Bug #64664 Batched inserts are as slow as individual inserts
Submitted: 15 Mar 2012 21:16 Modified: 16 Mar 2012 16:14
Reporter: Stefan Müller Email Updates:
Status: Not a Bug Impact on me:
None 
Category:Connector / J Severity:S5 (Performance)
Version:mysql connector java 5.1.18 OS:Any
Assigned to: CPU Architecture:Any

[15 Mar 2012 21:16] Stefan Müller
Description:
Batching insert statements with JDBC addBatch / executeBatch is just as slow as executing each statement individually. It seems that no batching is done.

A small test showed that this is slows bulk inserts down massively (I measured over a factor 10)!
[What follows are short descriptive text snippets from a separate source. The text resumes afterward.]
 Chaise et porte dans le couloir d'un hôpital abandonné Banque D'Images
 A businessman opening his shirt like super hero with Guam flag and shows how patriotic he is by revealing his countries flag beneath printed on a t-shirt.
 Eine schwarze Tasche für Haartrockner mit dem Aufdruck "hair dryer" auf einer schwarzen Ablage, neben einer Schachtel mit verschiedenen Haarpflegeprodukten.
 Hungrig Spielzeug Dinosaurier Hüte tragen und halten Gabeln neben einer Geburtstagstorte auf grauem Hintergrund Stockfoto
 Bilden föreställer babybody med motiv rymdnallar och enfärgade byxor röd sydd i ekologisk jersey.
For data-warehousing applications and a like this is should have a major impact.

Maybe my current approch is not optimal.
I'm very interested in suggestions of how to get large amounts of data into a newly created ISAM table very quickly.

How to repeat:
Insert many (10^6 or so) rows using a prepared statement.

Compare the execution time of

for(...){
  statement.set(...);
  statement.execute();
}

with

for(...){
  statement.set(...);
  statement.addBatch();
  if (every k iterations) statement.execute();
}

The time is equal for both and independent of k.
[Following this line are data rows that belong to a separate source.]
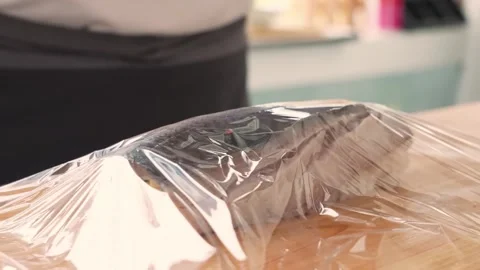 Close-up of Chef Rolling Sushi with Plastic Wrap Stock Footage 333501869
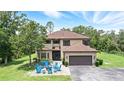 Attractive two-story home with a manicured lawn, a seating area with blue rocking chairs, and an attached garage at 6346 Dallas Blvd, Orlando, FL 32833
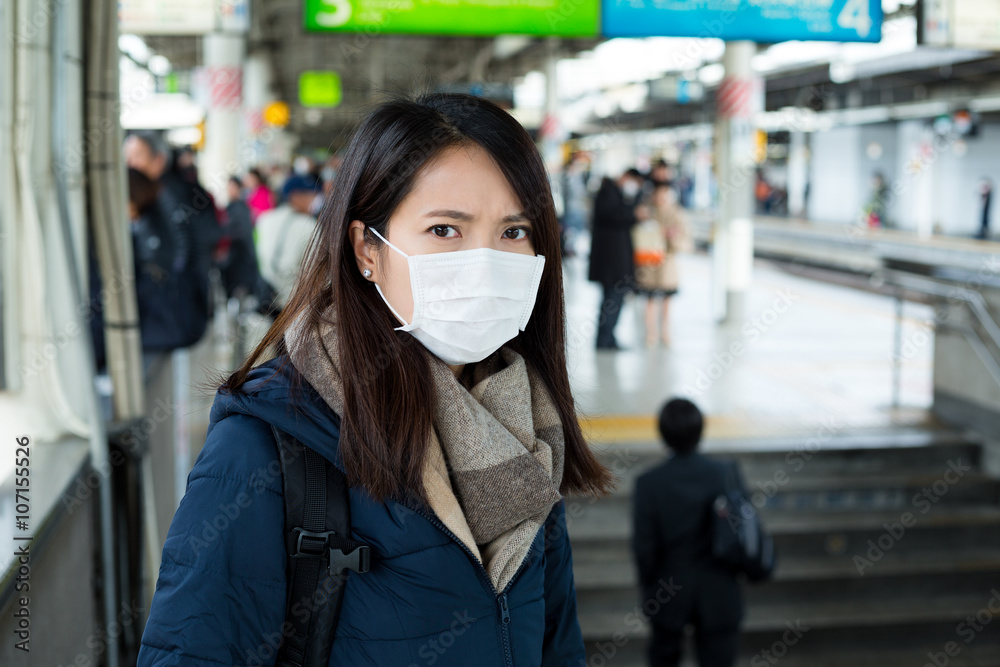 Woman wear face mask in train station Woman wear face mask in train station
Now do the same thing but use

INSERT INTO test (...) VALUES (...),(...),(...) usw

to 'batch' the inserts together manually. On my machine the optimum is around 100 rows in one statement, resulting in more than a factor 12 (sic) performance boost. Going higher the factor settles at around 10 to 11.
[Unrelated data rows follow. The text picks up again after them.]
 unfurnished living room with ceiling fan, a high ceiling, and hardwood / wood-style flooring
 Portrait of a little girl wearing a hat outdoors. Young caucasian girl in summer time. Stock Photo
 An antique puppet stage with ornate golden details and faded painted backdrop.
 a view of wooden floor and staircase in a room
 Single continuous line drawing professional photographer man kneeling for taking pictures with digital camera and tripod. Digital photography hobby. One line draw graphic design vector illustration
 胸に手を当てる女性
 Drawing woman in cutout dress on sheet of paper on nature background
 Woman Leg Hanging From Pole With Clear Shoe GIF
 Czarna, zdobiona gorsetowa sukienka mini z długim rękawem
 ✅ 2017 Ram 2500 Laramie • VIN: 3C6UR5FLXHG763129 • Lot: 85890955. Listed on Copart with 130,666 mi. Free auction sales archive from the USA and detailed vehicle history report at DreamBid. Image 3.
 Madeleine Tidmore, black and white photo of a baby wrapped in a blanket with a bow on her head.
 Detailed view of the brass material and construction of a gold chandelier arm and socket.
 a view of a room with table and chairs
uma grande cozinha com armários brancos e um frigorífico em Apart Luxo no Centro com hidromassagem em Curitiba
I'll attach code to demonstrate.

Suggested fix:
The simplest thing might be to re-write the statement internally to use a multi-row insert statement. At least no protocol change would be required.
[15 Mar 2012 21:16] Stefan Müller
Creates and fills a table using different batching methods

Attachment: FillTable.java (application/octet-stream, text), 3.12 KiB.

[16 Mar 2012 16:14] Mark Matthews
Mysql itself doesn't have a "batch" mode for prepared statements. For certain cases, the driver can rewrite batches into much more efficient multi-value inserts, see http://www.jroller.com/mmatthews/entry/speeding_up_batch_inserts_for

(this feature is not enabled by default).

The other option is to use LOAD DATA [LOCAL] INFILE, which is even much more efficient (no SQL parsing is done).